Small rtl8812au cards are used. AV output is reserved for future use.

alt text

Note that red/black antenas are not recommented unless all you want is to look cool :) These are 2dbi wideband antenas. A pair of 2.4Ghz BetaFPS Moxons with 90 degree adapters are recommended instead.

alt text

Displayport MSP OSD

Configure Displayport MSP OSD 115200, Avatar in INav/Betaflight/Ardupilot.

A number of OSD fonts are included. User fonts can be placed in /gs/assets/osd_fonts/ - 24 pixels wide png format.

osd.mp4

Mavlink

Can be used for RC and for downlink telemetry. Setup 115200 UART.

This is transparent bidirectional stream sent with FEC encoding (Groun2Air: k=2 n=3, Air2Ground: Same as video stream, k=6 n=12 by default).

Camera OSD Elements

alt text

From left to right:

  • RSSI in Dbm
  • Average wifi queue usage. Should be below 50%. Look for free wifi channel if it turns red constantly
  • actual MJPEG stream bandwidth in Mbps (without FEC encoding). Wifi stream bandwwith = MJPEG stream bandwidth * FEC_n / FEC_k
  • resolution
  • FPS
  • !NO PING! Indicates that air unit does not receive GS packets (configuration packets, uplink Mavlink)
  • AIR Air unit is recording video to SD card
  • GS GS is recording video to SD card
  • !SD SLOW! SD card on AIR unit is too slow to record video, frames are skipped

OSD Menu

alt text

OSD Menu can be navigated with GPIO Joystick, keyboard or mouse.

Key Function
Joystick Center, Enter, Right Click Open OSD menu
Joystick Right, Air REC, GS REC,Esc, Right Click, R, G Close OSD Menu
Joystick Center, Joytsick Right, Enter, Left Click Select menu item
Joystick Up, Arrow Up Select previous menu item
Joystick Down, Arrow Down Select next menu item
Joystick Left, Arrow Left, ESC Exit to previous menu

GPIO Joystick button mapping

GPIO Joystick and buttons are mapped to keys.

Key Function
Joystick Center Enter
Joystick Left Arrow Left
Joystick Right Arrow Right
Joystick Up Arrow Up
Joystick Down Arrow Down
AIR REC r
GROUND REC g

Other keys

Key Function
Space Exit application
ESC Close OSD menu or exit application
d Open Development UI

Considerations

Resolution

OV2640

esp32cam and esp32s3sence boards come with the OV2640 sensor by default.

The sweet spot settings for this camera seems to be 800x600 resolution with JPEG compression level in range 8…63 (lower is better quality). 30 fps is achieved. Additionaly, custom 16:9 modes 640x360 and 800x456 are implemented. Personally I like 800x456 because 16:9 looks more "digital" :)

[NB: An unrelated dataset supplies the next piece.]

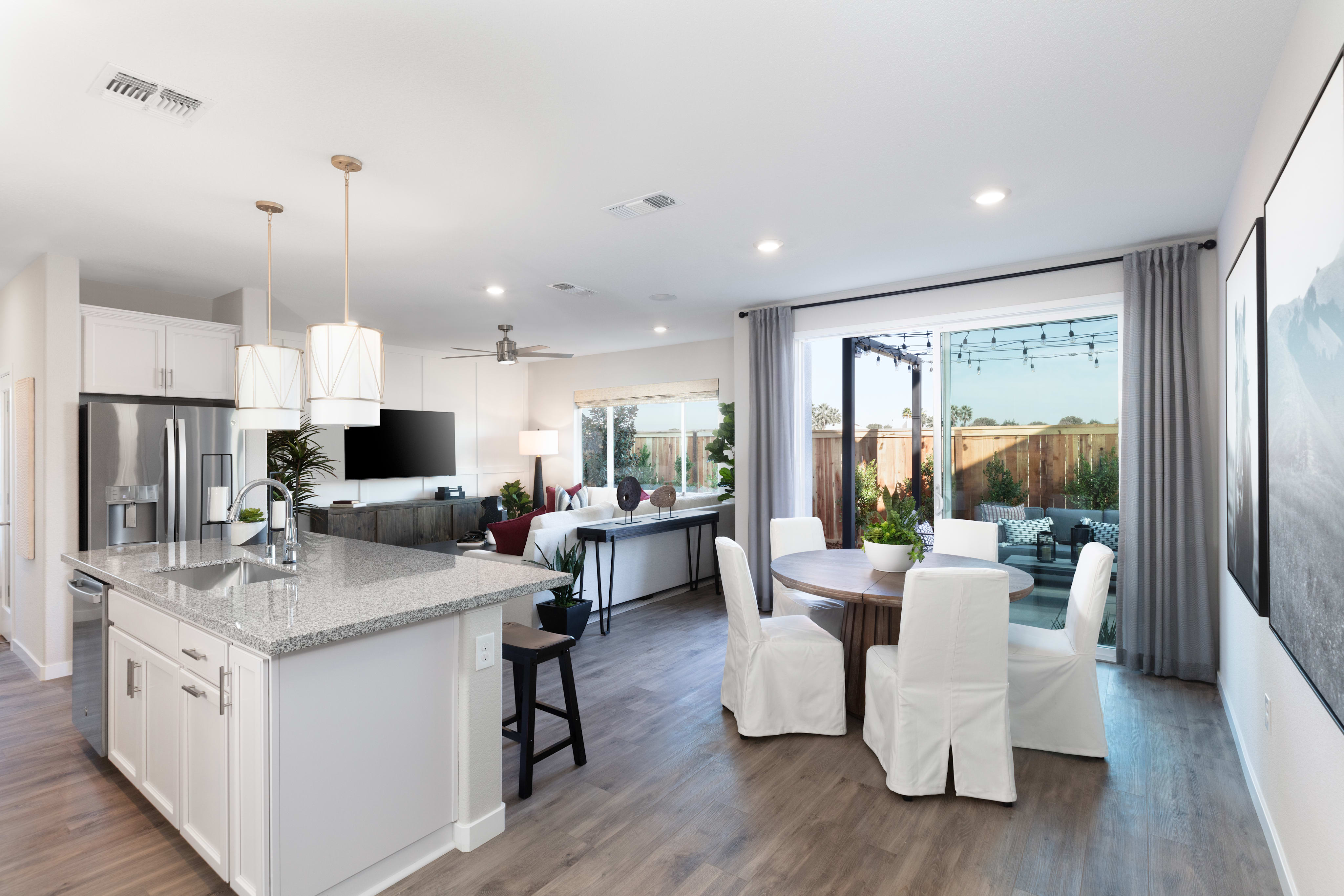 341 Shiplap Cir home image 4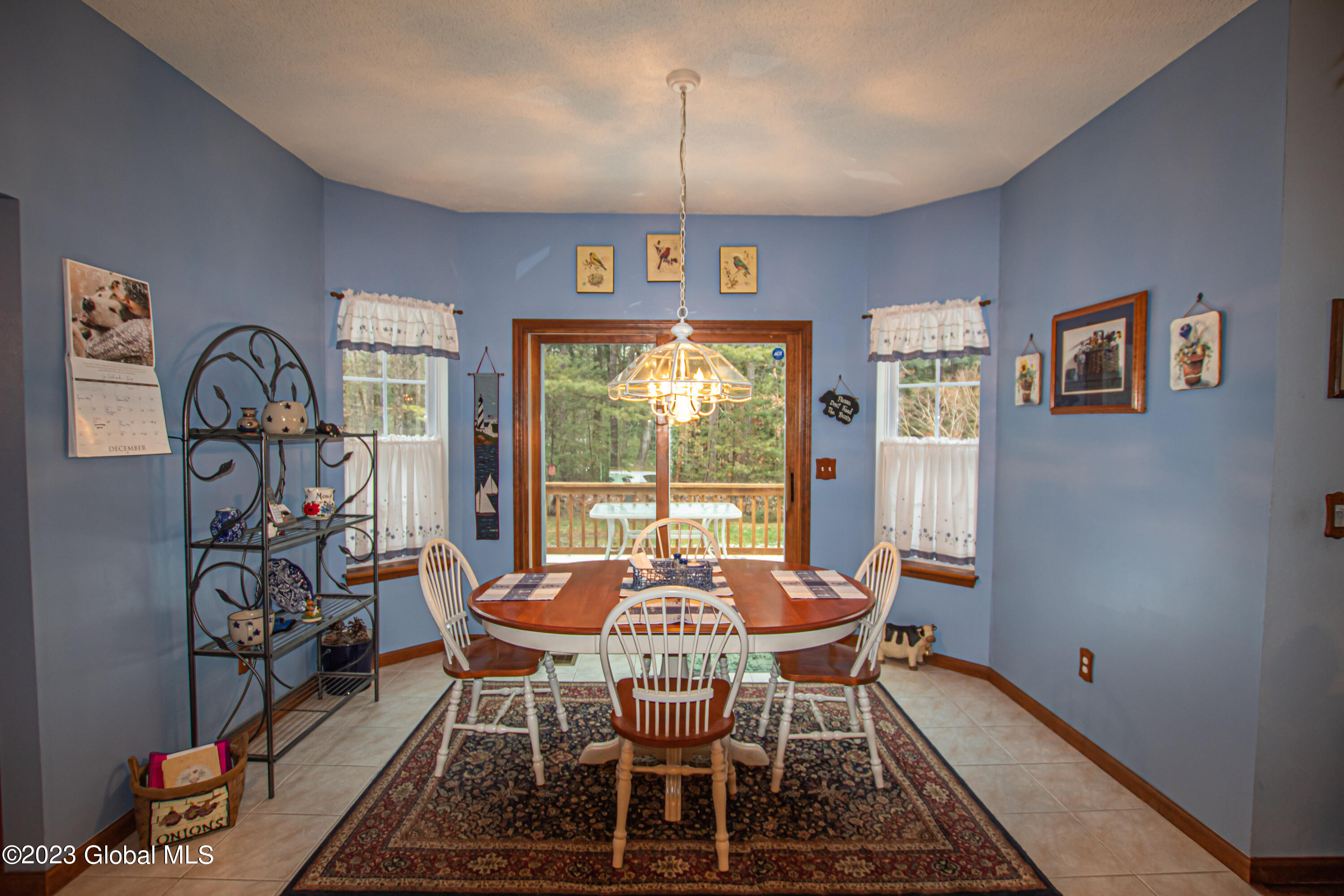 41 Lehland Drive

Another options are 640x480 and 640x360, which can have better JPEG compression level set per frame, but luck pixel details and thus do not benefit over 800x456.

Any resolution lower then 640x360, despite high frame rate (60fps with 320x240), is useless in my opinion due to luck of details.

ov2640 can capture 1280x720 at 13 FPS. Image looks Ok on 7" screen, but FPS is definitely is lower then acceptable level for FPV.

It is possible to overclock ov2640 sensor in Camera Settings to enable 40Fps in 640x360, 640x480 and 800x456 modes, however it is not garantied to work. If it does not work - try with another sensor.

ov2640 is Ok for day but has much worse light sensitivity and dynamic range compared to ov5640 in the evening. This and next video are made in almost the same light conditions:

800x456 30fps 26Mbit with ov2640 camera 120 degree lens:

V042_008.mp4

OV5640

OV5640 supports the same resolutions and offers the same FPS thanks to binning support, but also have much better light sensivity, brightness and contrast. It also has higher pixel rate and supports 1280x720 30fps (which can be received by esp32s3 thanks to 2x maximum DMA speed).

800x456 image looks much better on ov5640 compared to ov2640 thanks to highger sensor quality and less noise.

However, 1280x720 30fps requres too high bandwidth, so system has to set high compression levels which elliminates detais. Overall, 1024x576 30fps looks better. Both modes require 36Mbps+ wifi rate to provide benefits over 800x456.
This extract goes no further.